Gli incubi di Mel Gibson diventano film, ma con il Vangelo c’entrano poco
Un horror molto pretenzioso, questo terzo film da regista di Mel Gibson; una pellicola che condensa tante espressioni in due ore e poco più come un Bignami farebbe di un libro di storia. Poche parole, per giunta in latino e aramaico (quasi a voler dare un afflato di secolarità a un orrore che non ne ha nemmeno l’odore), e poche immagini rallentate, che fatte scorrere a velocità normale avrebbero prodotto un film di un’ora. Qualcuno dovrebbe spiegare al regista/sceneggiatore/produttore di questo film che Maria di Magdala non aveva commesso adulterio, e che la pronuncia del latino parlato dai Romani del tempo non era quella che la Gerini si vanta di aver studiato al liceo. Uno spot dunque (il linguaggio e la tecnica sono quelli) per la Chiesa Cattolica, o peggio, di reclutamento per nostalgici di quel cattolicesimo integralista che tanti danni ha fatto nella storia dell’umanità. Se Mel e Hutton Gibson rinnegano i dettami del Concilio Vaticano II e ce l’hanno a morte con gli Ebrei, problemi loro. Non è la comunità ebraica a doversi sentire in colpa per la morte di Gesù di Nazareth, semmai è quella cattolica, con i propri mortali silenzi/assenzi, a dover chiedere ogni giorno perdono, anche per la non presa distanza da questa pellicola.

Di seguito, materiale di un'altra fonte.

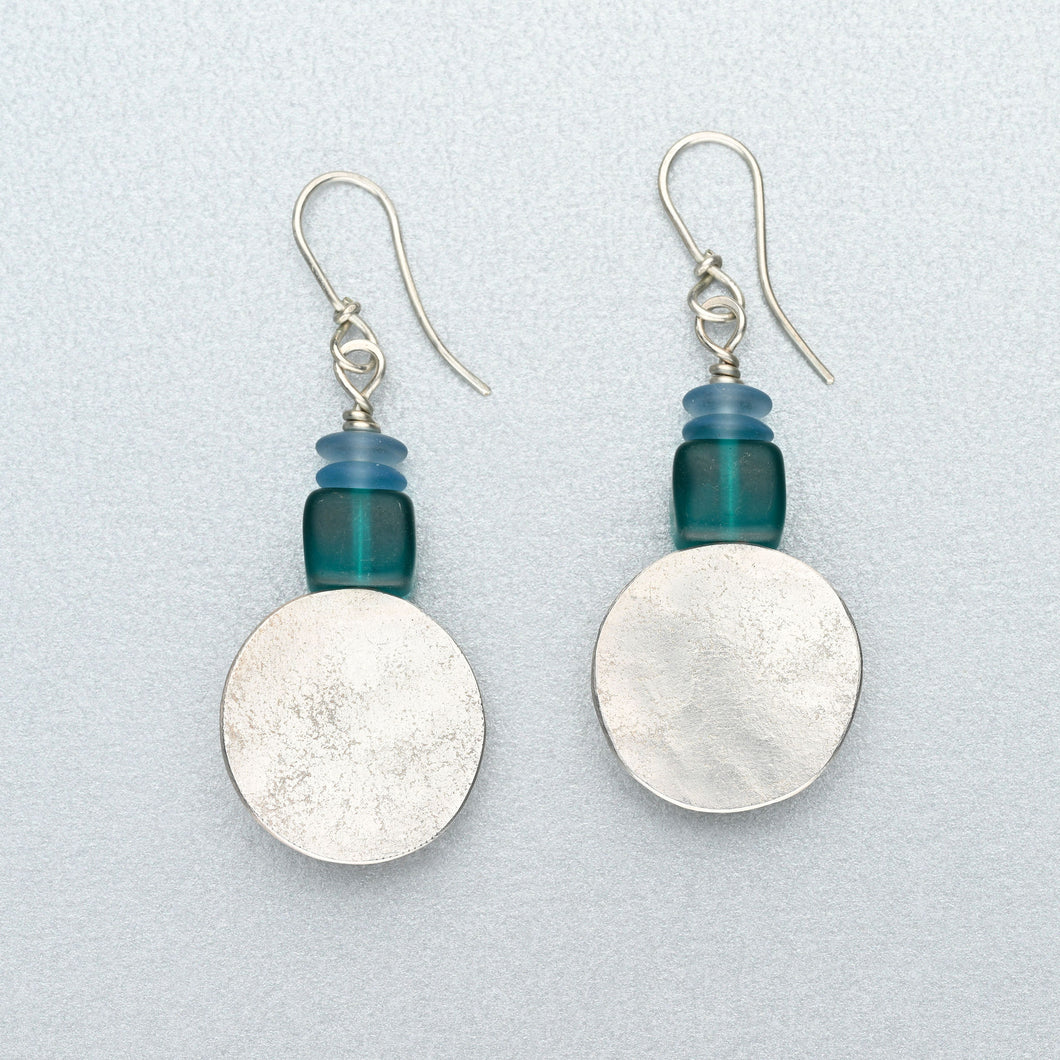 Sea glass and  silver earrings
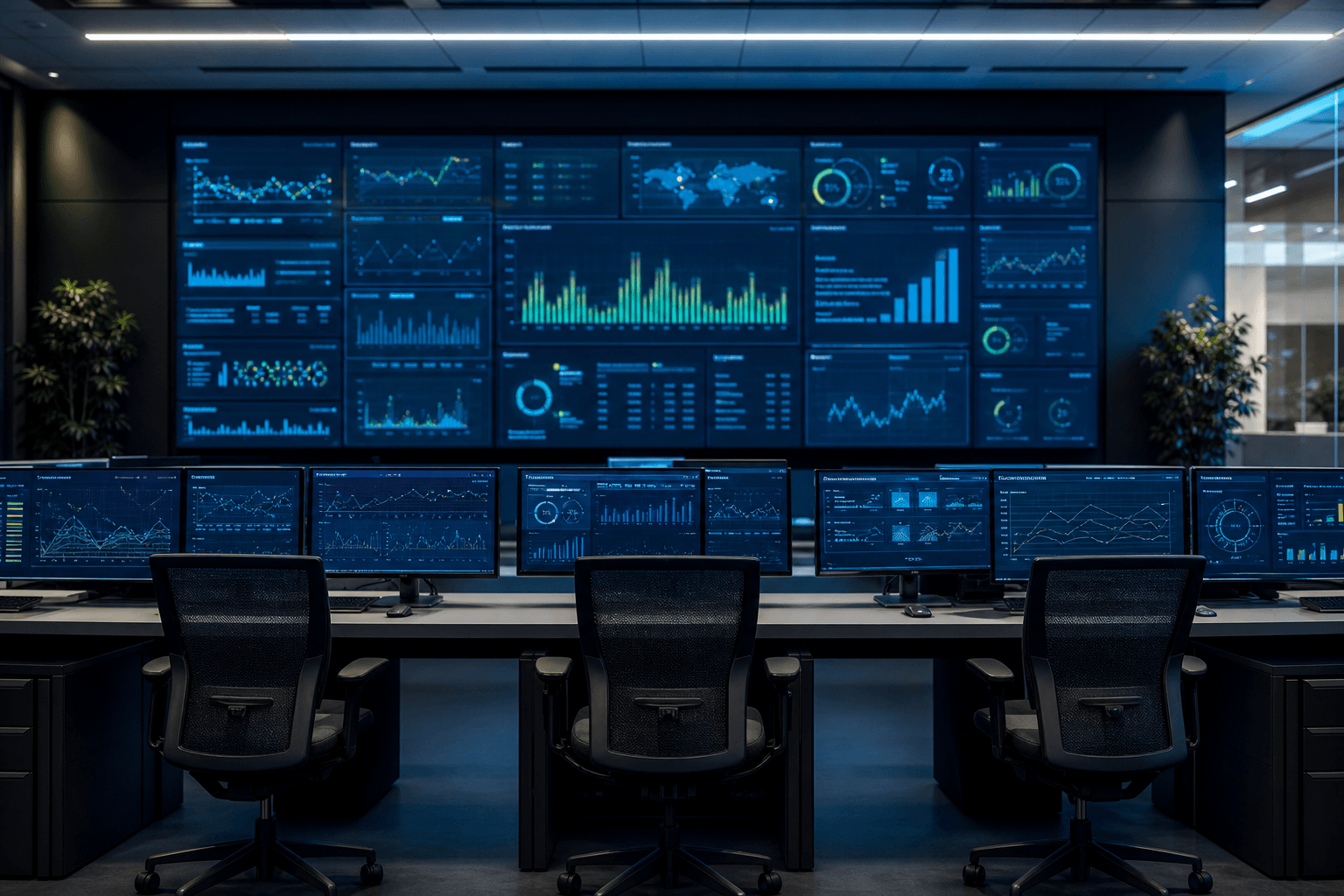 Operations room representing production outcomes and delivery proof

La Passione di Cristo è stato distribuito senza limitazioni, dando modo anche ai bambini di venire a contatto con una visione malata e pericolosamente parziale della vita di Gesù. Provo personalmente pena per gli incubi che devono aver attorniato le notti di Gibson da tredici anni a questa parte, e che sono poi diventati il suo film, ma molti di noi cresciuti in un ambiente cattolico, hanno da tempo superato quel “senso di colpa” che ci viene gentilmente donato alla nascita subito dopo il taglio del cordone ombelicale. Le poche ricerche stilistiche e licenze poetiche che il regista si è conquistato pagando la non irrisoria cifra di venticinque milioni di dollari (vedi la lacrima che cade dal cielo o alcune interessanti prospettive di ripresa), non permettono di apprezzare un’opera che è in conclusione un pastrocchio di luoghi comuni e di immagini prese in prestito da artisti come Caravaggio, Michelangelo, Bosch, Pasolini, Rossellini e altri, che lui reinterpreta in modo turistico e totalmente superficiale.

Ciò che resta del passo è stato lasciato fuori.